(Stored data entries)

-=-=-=-=-

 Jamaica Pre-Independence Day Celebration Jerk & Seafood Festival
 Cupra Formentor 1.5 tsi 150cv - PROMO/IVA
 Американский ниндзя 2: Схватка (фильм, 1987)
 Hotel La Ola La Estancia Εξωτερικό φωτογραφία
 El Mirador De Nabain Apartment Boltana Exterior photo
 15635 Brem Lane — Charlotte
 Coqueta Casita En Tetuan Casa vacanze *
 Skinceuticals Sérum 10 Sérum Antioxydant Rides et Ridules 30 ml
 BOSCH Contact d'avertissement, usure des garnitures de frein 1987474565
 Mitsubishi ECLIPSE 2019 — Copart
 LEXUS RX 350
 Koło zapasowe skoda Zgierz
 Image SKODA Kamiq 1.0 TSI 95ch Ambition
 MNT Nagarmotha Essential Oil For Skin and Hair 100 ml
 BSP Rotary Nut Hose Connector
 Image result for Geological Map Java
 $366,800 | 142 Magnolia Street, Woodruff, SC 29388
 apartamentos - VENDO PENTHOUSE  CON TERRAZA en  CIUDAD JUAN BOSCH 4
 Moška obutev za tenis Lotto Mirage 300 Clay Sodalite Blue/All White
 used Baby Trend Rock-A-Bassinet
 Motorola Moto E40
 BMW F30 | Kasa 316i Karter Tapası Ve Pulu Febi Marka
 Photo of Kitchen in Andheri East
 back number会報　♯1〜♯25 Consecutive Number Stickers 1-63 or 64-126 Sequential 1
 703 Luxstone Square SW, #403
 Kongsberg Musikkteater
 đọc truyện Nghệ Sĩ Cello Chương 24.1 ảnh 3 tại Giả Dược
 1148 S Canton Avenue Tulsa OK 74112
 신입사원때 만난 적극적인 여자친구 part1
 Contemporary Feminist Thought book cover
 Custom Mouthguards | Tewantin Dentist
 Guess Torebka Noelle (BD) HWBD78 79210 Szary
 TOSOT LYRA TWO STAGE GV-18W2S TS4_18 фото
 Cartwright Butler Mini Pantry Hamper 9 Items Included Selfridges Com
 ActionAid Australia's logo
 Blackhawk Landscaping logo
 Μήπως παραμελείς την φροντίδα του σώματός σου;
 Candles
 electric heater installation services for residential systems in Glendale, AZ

-=-=-=-=-

Nothing but the lines from the one with "đọc truyện Nghệ" through the last line of the records above should be retyped, and those word for word.

> _WRITTEN RESPONSE_
 đọc truyện Nghệ Sĩ Cello Chương 24.1 ảnh 3 tại Giả Dược
 1148 S Canton Avenue Tulsa OK 74112
 신입사원때 만난 적극적인 여자친구 part1
 Contemporary Feminist Thought book cover
 Custom Mouthguards | Tewantin Dentist
 Guess Torebka Noelle (BD) HWBD78 79210 Szary
 TOSOT LYRA TWO STAGE GV-18W2S TS4_18 фото
 Cartwright Butler Mini Pantry Hamper 9 Items Included Selfridges Com
 ActionAid Australia's logo
 Blackhawk Landscaping logo
 Μήπως παραμελείς την φροντίδα του σώματός σου;
 Candles
 electric heater installation services for residential systems in Glendale, AZ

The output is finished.